A day after French President Hollande made his case for new taxes, the public responded angrily to a report that its richest man, Bernard Arnault, was trying to avoid taxes by heading to Belgium.
As French President François Hollande outlined new taxes and spending cuts while promoting reforms to turn the economy around – word leaked out that France’s wealthiest man, Bernard Arnault, was heading for Belgium in a rumored tax dodge.
At first, the timing could not appear to have been worse for the national morale and Mr. Hollande. His tax hikes run 20 billion euros, his spending cuts number 10 billion euros, and his Socialist government must cut public service jobs. In addition, he will hit those with direct salaries over 1 million euros ($1.3 million) with a 75 percent tax.

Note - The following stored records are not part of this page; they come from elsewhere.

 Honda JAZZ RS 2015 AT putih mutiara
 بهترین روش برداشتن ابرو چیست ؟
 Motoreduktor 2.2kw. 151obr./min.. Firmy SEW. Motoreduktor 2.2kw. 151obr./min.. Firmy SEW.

The French have not forgotten the national shame when British Prime Minister David Cameron told the world from Mexico in early summer that London was “rolling out the red carpet” for wealthy French seeking tax havens.

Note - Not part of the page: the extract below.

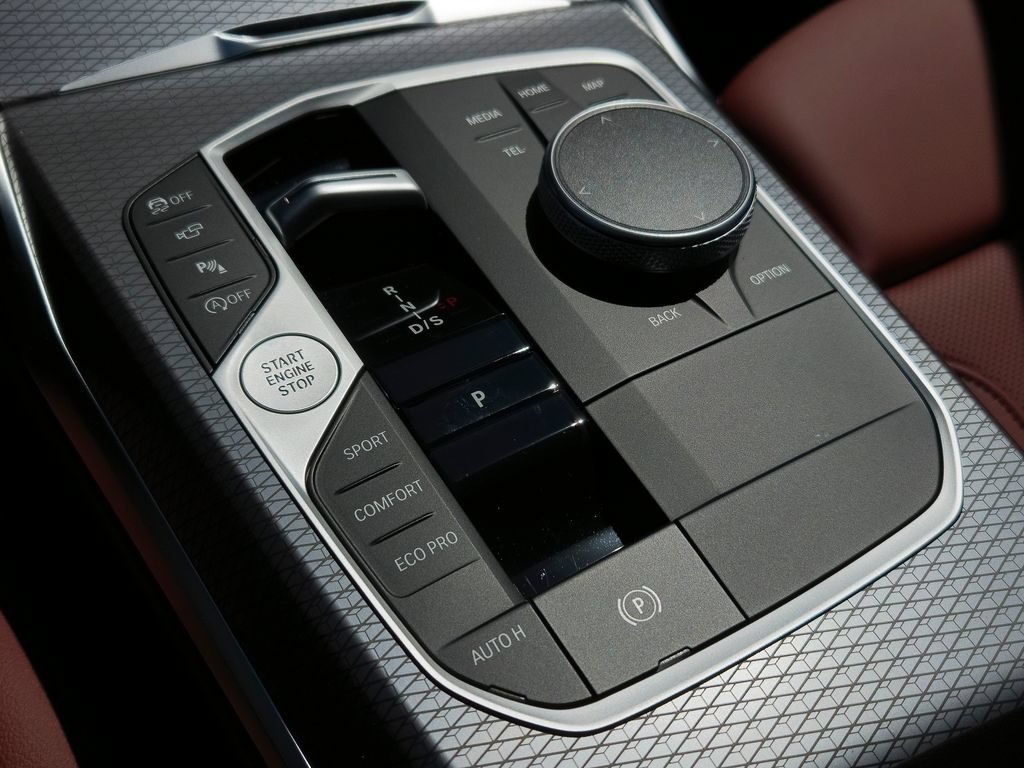 New 2026 BMW 330i Sedan w/ M Sport Package RWD image 10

Yet, instead, in a national spasm of pique, France spent all day making accusations of "traitor" and "ingrate" at the rich guy – Mr. Arnault, worth $41 billion. Citizenry and media launched from all directions a full egalitarian, patriotic attack on the CEO of Louis Vuitton, who said he was seeking dual citizenship in Belgium.
The anti-Arnault frenzy spurred far-left guru Jean-Luc Mélenchon to call him a “parasite,” and far-right darling Marianne Le Pen to proclaim “scandalous" what appears to be a financial exile.
A screaming headline in Libération – “Get Lost You Rich Idiot” – was enough to bring Arnault, who claims he is not leaving France for tax purposes, to call the headline “vulgar” and bring a lawsuit against the newspaper.
Meanwhile, Hollande is moving – plodding, his critics say – on a plan to reform the economy through greater flexibility in hiring and firing, an overhaul of social security, and to do it all in two years.